The Numbers Behind China’s Solar System Mining Plan
The economic case presented by Chinese scientists is striking, even by the standards of speculative space economics. Here is what 3 million
These are not projections invented by outside analysts. They are figures presented by Chinese scientists as part of the Tiangong Kaiwu initiative itself. The roadmap is framed as both a scientific and an economic argument — the resources are there, the technology pathway exists, and the timeline is defined.
- Water ice can be converted into rocket propellant and life support supplies
- Strategic minerals from asteroids could reduce dependence on Earth-based supply chains
- Near-Earth objects are the first targets because they require less fuel to reach than the asteroid belt
- Around 122 asteroids are flagged as realistic early candidates based on technical and economic criteria
Why This Matters Beyond the Headlines
It is easy to read a story about asteroid mining and file it under “distant future.” The Tiangong Kaiwu roadmap is designed to resist that reaction. By setting an initial operational window of 2026 to 2030, Chinese scientists are making a deliberate point: this is not science fiction, it is near-term industrial planning.
The broader implication is geopolitical as much as scientific. Proponents of the plan argue that whoever establishes the first reliable off-world resource infrastructure will hold enormous influence over the long-term trajectory of space exploration — and potentially over Earth-based industries that depend on rare materials.
Critics and observers outside China have noted that ambitions of this scale raise serious questions about international governance. There is currently no universally agreed framework for who owns resources extracted from asteroids or the Moon, and a nation-led mining operation of this scope would test every existing boundary of space law.
The plan also positions space resources not just as a supplement to Earth’s economy, but as a foundation for an entirely separate space-based economy — one that could eventually operate at a scale that dwarfs anything achievable on a single planet.
What the Phase-by-Phase Timeline Looks Like
Based on The confirmed phases are:
- 2026–2030: Initial mining operations targeting near-Earth objects — the closest and most accessible asteroids
- Mid-century expansion: Scaling operations deeper into the solar system, leveraging water ice for in-space fuel and life support
- By 2100: Full-scale resource exploitation across the solar system, supporting both space-based and Earth-based economies
The early focus on near-Earth objects is deliberate.
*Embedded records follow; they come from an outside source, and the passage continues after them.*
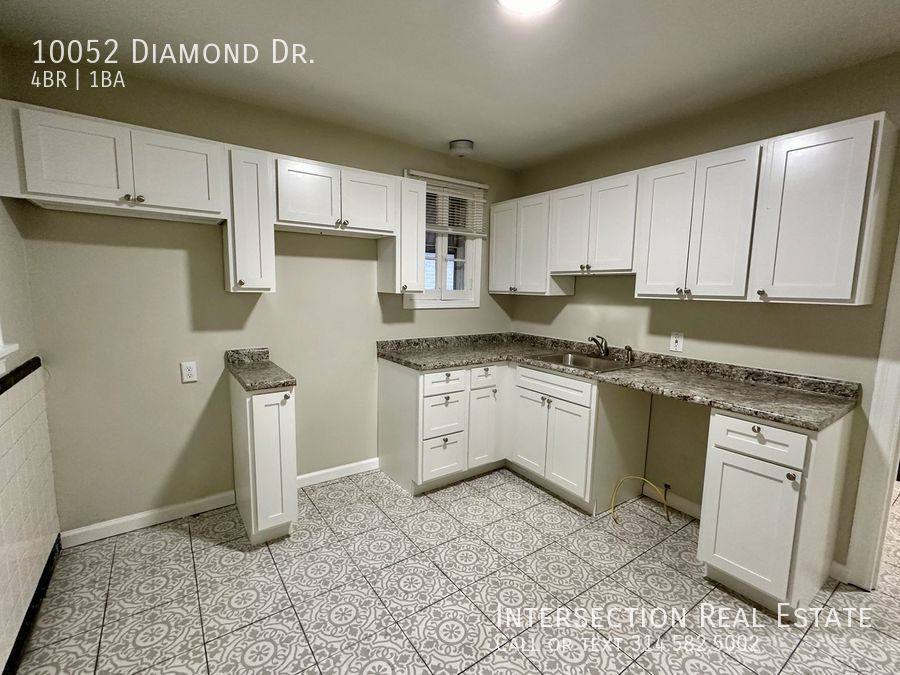 House for rent at 10052 Diamond Dr, Saint Louis, MO 63137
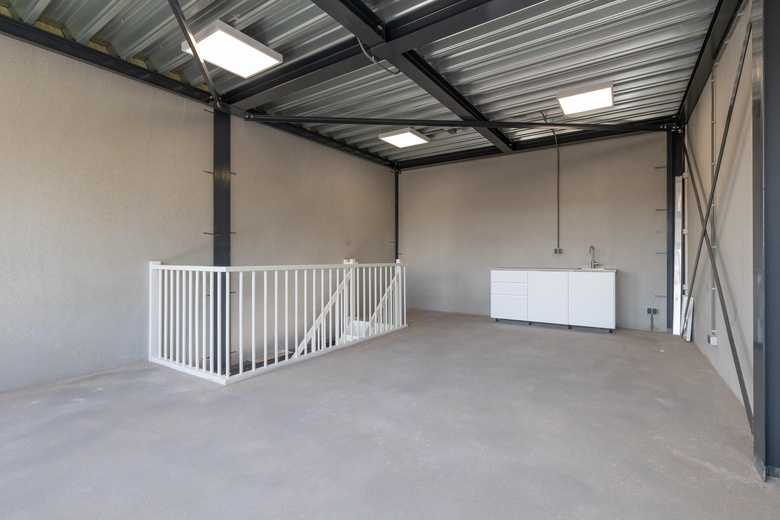 BedrijfsruimteaanHogeweyselaan 201 E<br/> inWeesp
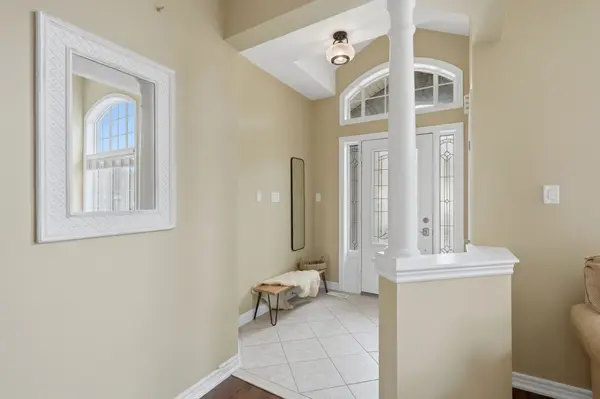 26 Garrison SQ, Halton Hills, ON L7G 0B9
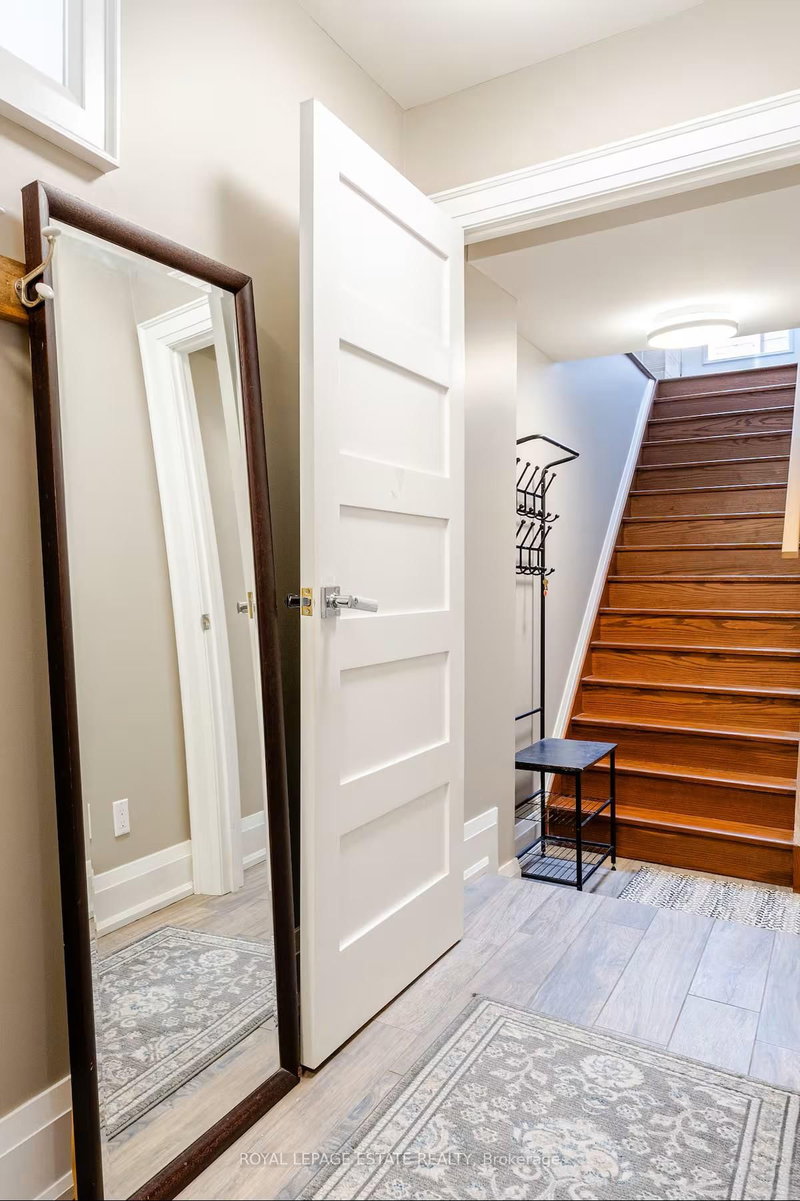 Lower - 30 Rhydwen Ave, Toronto, M1N 2E1 | Image 2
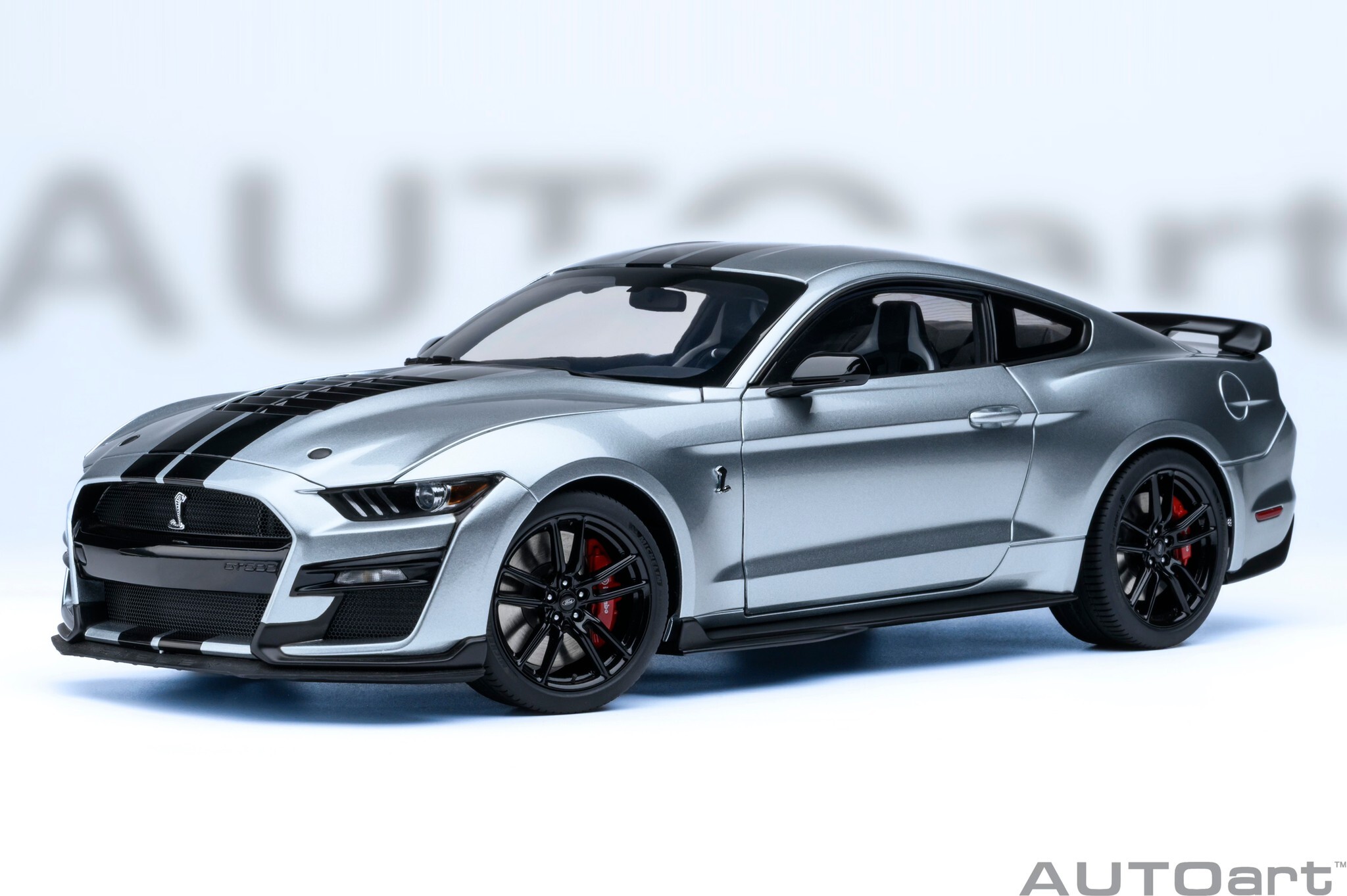 Ford Mustang Shelby GT500 Iconic Silver in 1:18 by AUTOart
These asteroids require significantly less energy to reach than targets in the main asteroid belt, making them the logical entry point for any mining operation that needs to be economically viable in the near term.
Whether China can execute on this timeline depends on factors the roadmap itself cannot fully control — launch capacity, international cooperation or friction, advances in autonomous mining technology, and the legal frameworks that will govern who can extract what and where. But the plan’s existence, with its specific dates and economic projections, signals that China is treating this as an engineering and logistics challenge rather than a distant hypothetical.
Frequently Asked Questions
What is Tiangong Kaiwu?
Tiangong Kaiwu is China’s century-scale roadmap for extracting resources from across the solar system, including asteroids and water ice, with operations planned to begin as early as 2026 to 2030.
How many asteroids are considered suitable for early mining?
According to figures presented by Chinese scientists, around 122 near-Earth objects are considered both technically and economically suitable for early mining operations.
Why is water ice important to the plan?
Water ice can be split into hydrogen and oxygen, providing rocket fuel, breathable air, and drinking water — reducing the need to launch those resources from Earth.
How much are the target asteroids worth?
Early economic estimates suggest around 700 near-Earth objects could each contain materials worth over 100 trillion dollars.
When does China plan to complete its solar system resource goals?
The long-term target outlined in the Tiangong Kaiwu roadmap is approximately the year 2100, with the first operational phase beginning between 2026 and 2030.
Is there an international legal framework for asteroid mining?
This has not been fully resolved. There is currently no universally agreed framework governing ownership of resources extracted from asteroids or other bodies in space.